| Sumario: | CGIAR’s Digital Transformation Accelerator Side Event: Digital innovations for advancing agri-food systems research, held during Science Week 2025 showcased how artificial Intelligence (AI) is reshaping agri-food systems research, innovation, and advisory services, particularly in the Global South. Attended by over 250 participants both in person and online, the four-hour session highlighted frontier AI applications while addressing critical institutional, ethical, and localization challenges in scaling digital innovation.
Keynote addresses by Aisha Walcott-Bryant, head of Google Research Africa presented real-world applications of AI for climate resilience, including flood forecasting, field boundary detection, and hyper-local weather prediction.
These solutions underscored the transition from experimentation to wide-scale operational deployment.

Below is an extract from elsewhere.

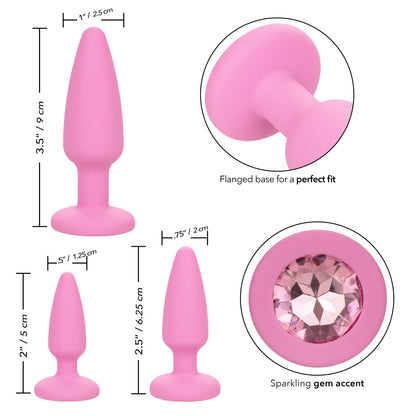First Time Crystal Booty Butt Plug Kit - Pink | 716770101167 | Available at EroticWarehouse.com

Thematic sessions demonstrated AI’s versatility across the following agricultural domains:
• Generative AI for advisory services: The International Maize and Wheat Improvement Center (CIMMYT) and partners showcased how AI tools are being localized to provide multilingual, personalized, and voice-enabled farming advice. Innovative uses of large language models (LLMs), Interactive Voice Response (IVR) systems, and WhatsApp-based tools emphasized accessibility for low-literacy and digitally marginalized users.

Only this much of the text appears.